◆ **Problem description**: Output all the records word for word. Drop the pictures.

◆ **Records to process**:
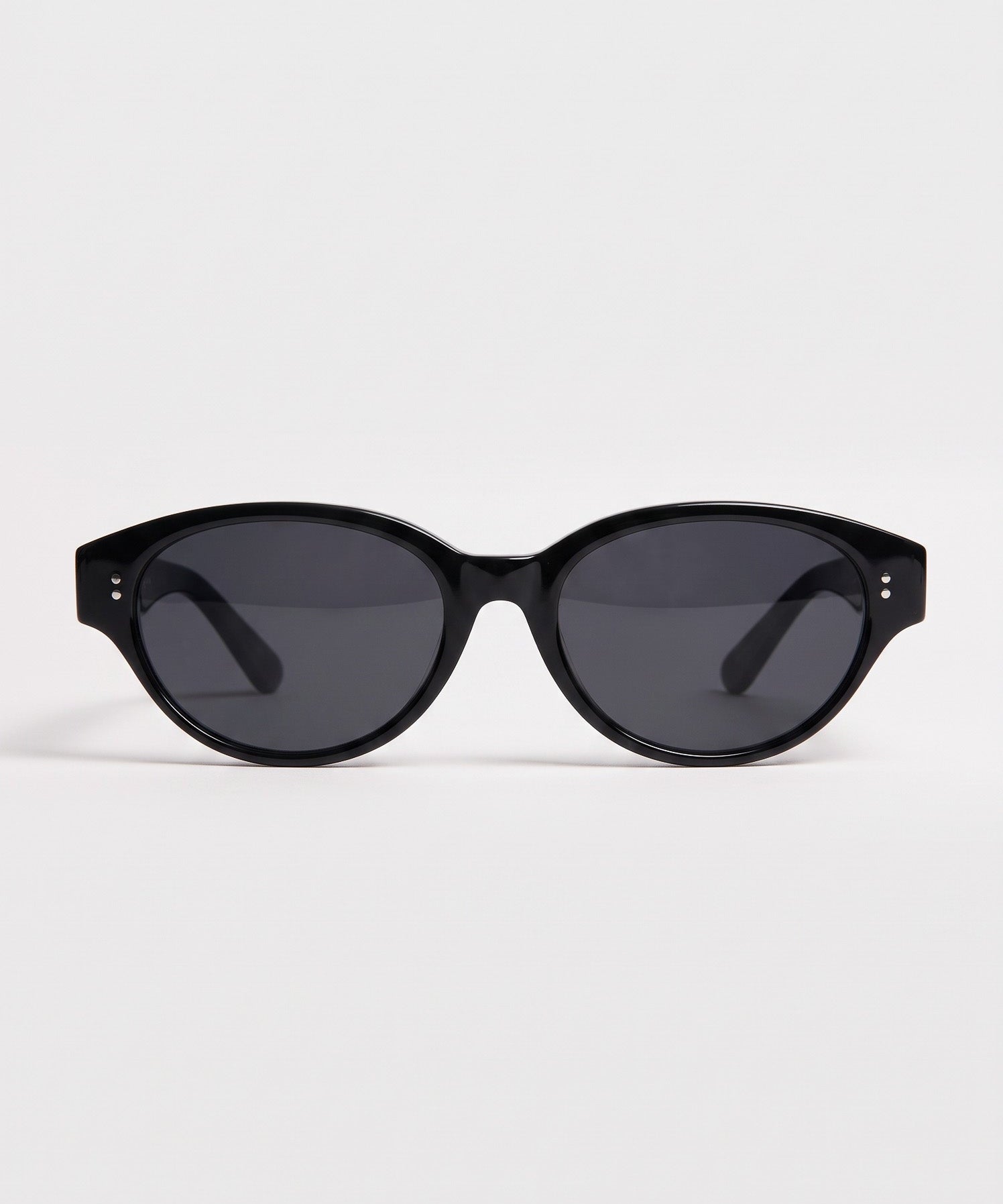 Amalia Black – front view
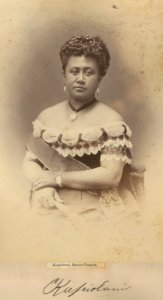 Queen Kapiolani, photograph by Menzies Dickson (Bonhams)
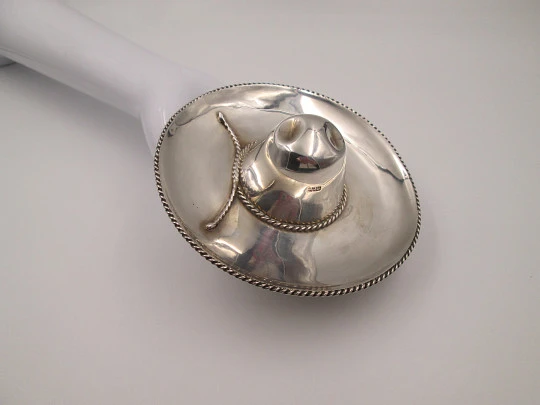 Miniatura de sombrero mariachi. Plata de ley 925. Cerco y cintas decorativas. 1980. México Miniatura de sombrero mariachi. Plata de ley 925. Cerco y cintas decorativas. 1980. México
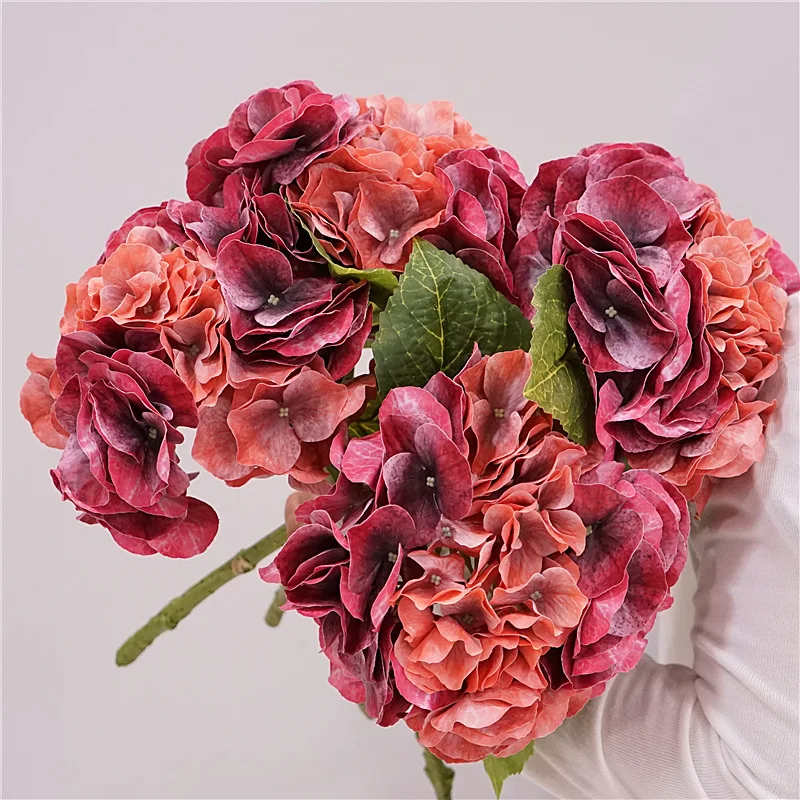 Wabi Stillwind fühlt sich Hortensienstrauß an, Blumensimulationsblume, Esstischdekoration, Blumendekoration, Hochzeit, Landschaftsbau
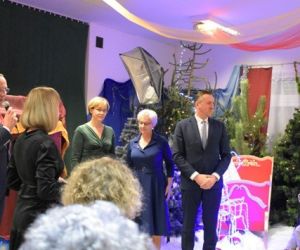 Osoby stoją na środku sali.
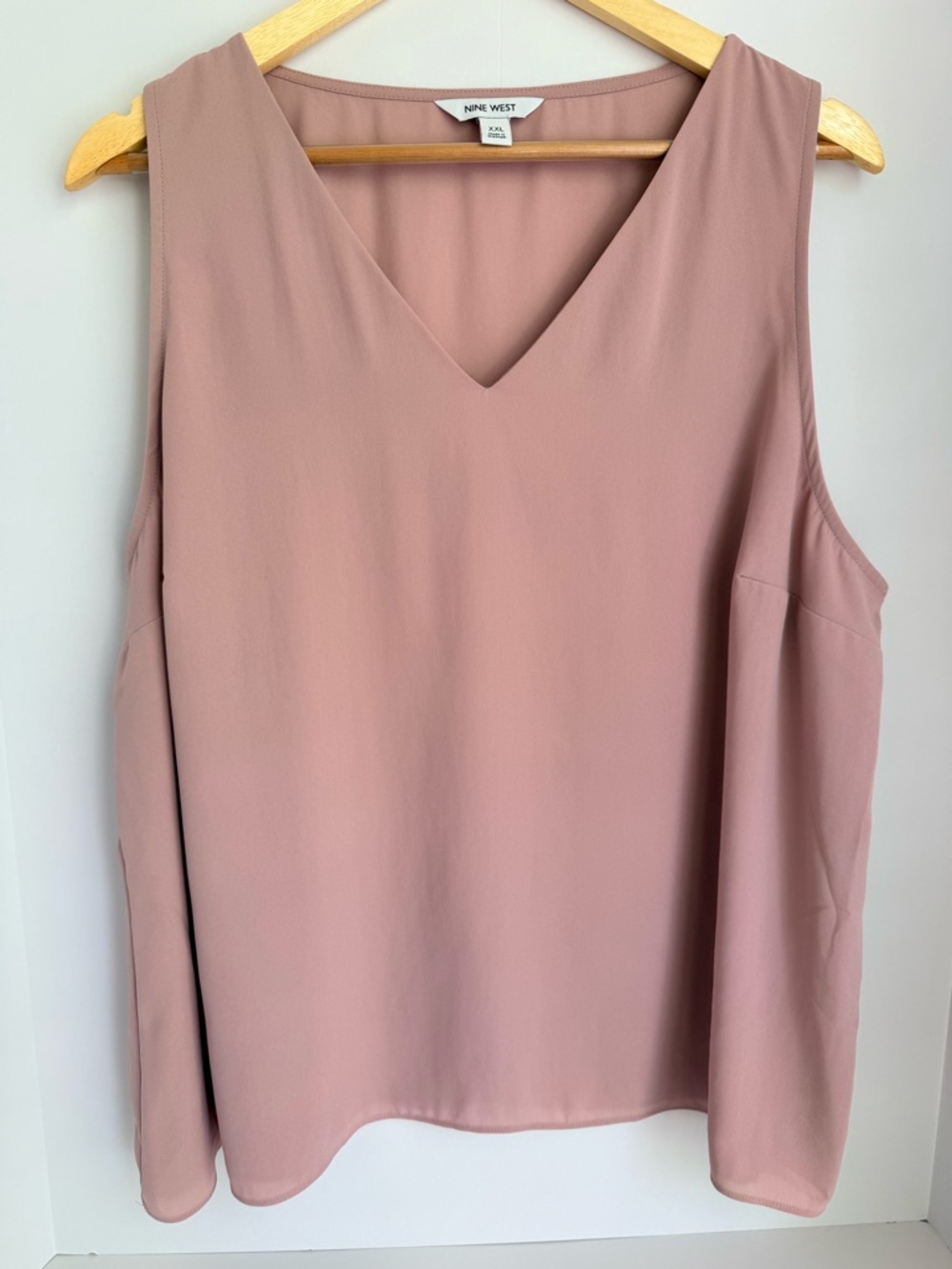Nine West Blush Pink V-Neck Sleeveless Camisole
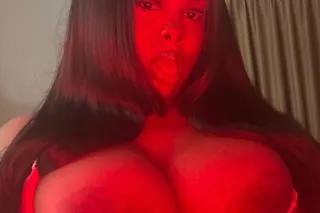 thick wet ebony photo 2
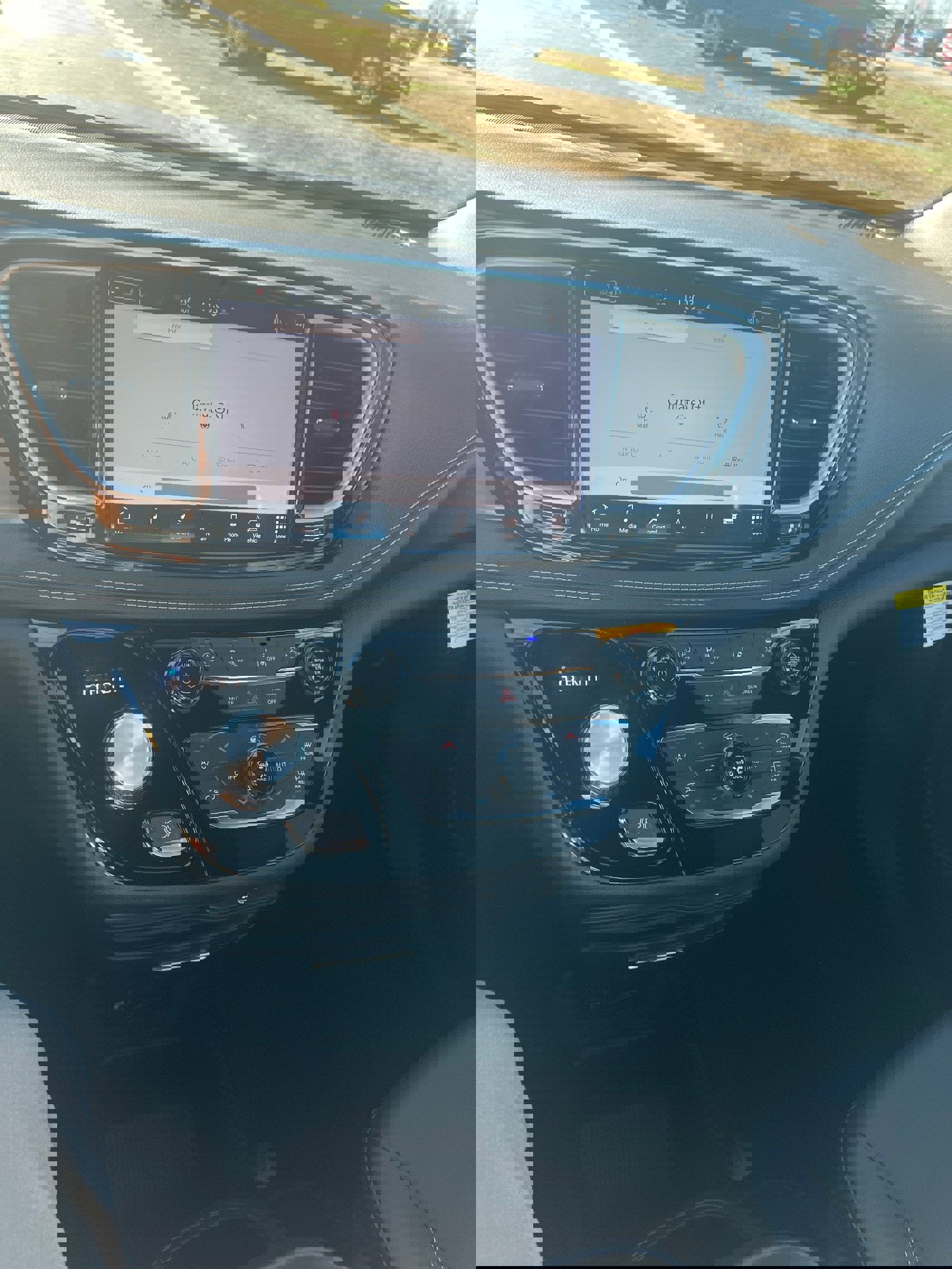 New 2026 Chrysler Pacifica Select image 13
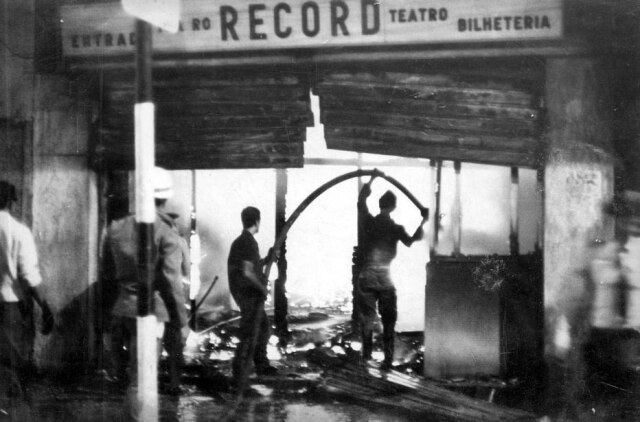 Arquivo / Estadão Incêndio no teatro da TV Record em março de 1969.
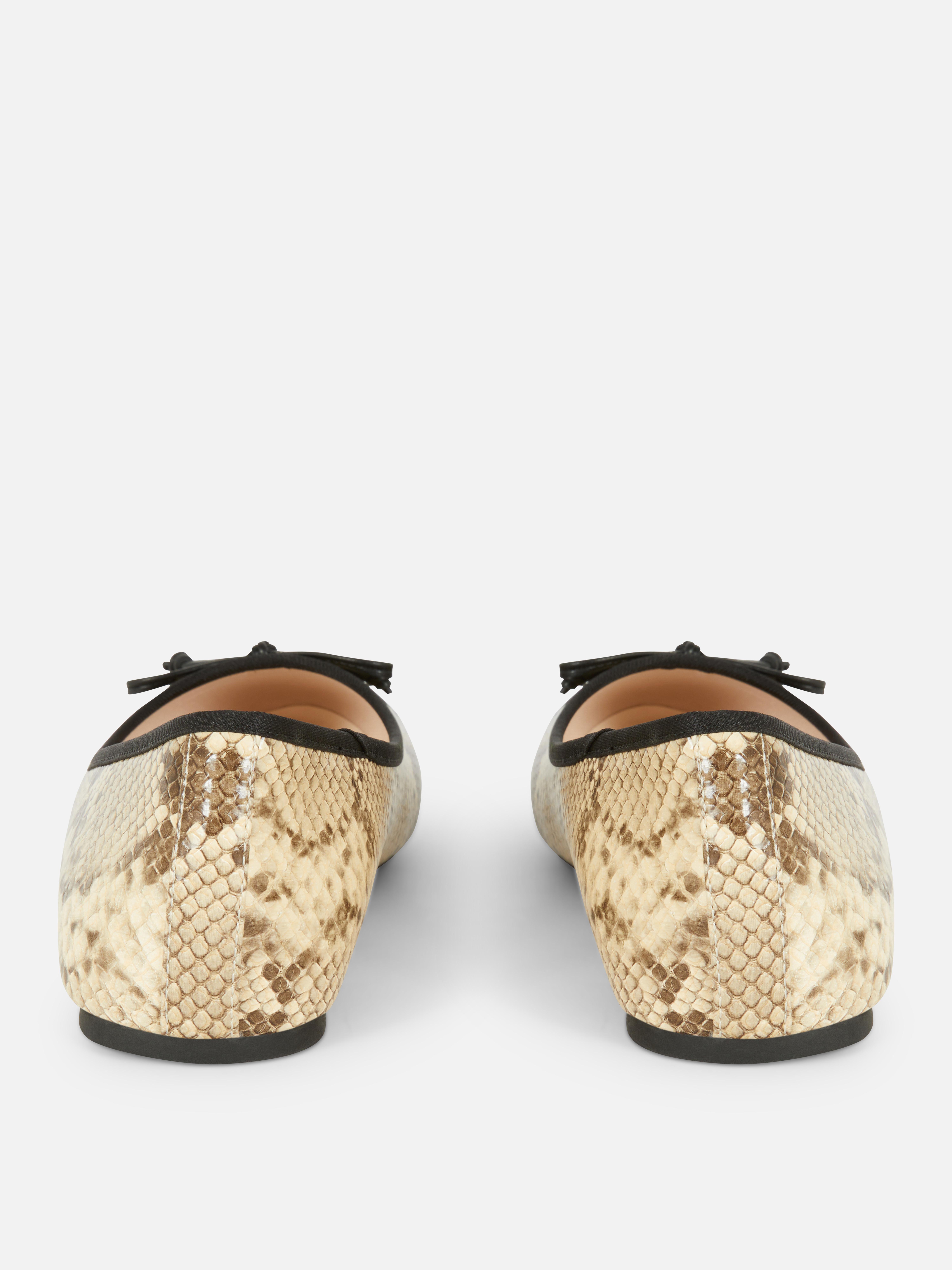 Ballerinas mit kontrastierender Zehenkappe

◆ **Finished task**:
 Amalia Black – front view
 Queen Kapiolani, photograph by Menzies Dickson (Bonhams)
 Miniatura de sombrero mariachi. Plata de ley 925. Cerco y cintas decorativas. 1980. México Miniatura de sombrero mariachi. Plata de ley 925. Cerco y cintas decorativas. 1980. México
 Wabi Stillwind fühlt sich Hortensienstrauß an, Blumensimulationsblume, Esstischdekoration, Blumendekoration, Hochzeit, Landschaftsbau
 Osoby stoją na środku sali.
Nine West Blush Pink V-Neck Sleeveless Camisole
 thick wet ebony photo 2
 New 2026 Chrysler Pacifica Select image 13
 Arquivo / Estadão Incêndio no teatro da TV Record em março de 1969.
 Ballerinas mit kontrastierender Zehenkappe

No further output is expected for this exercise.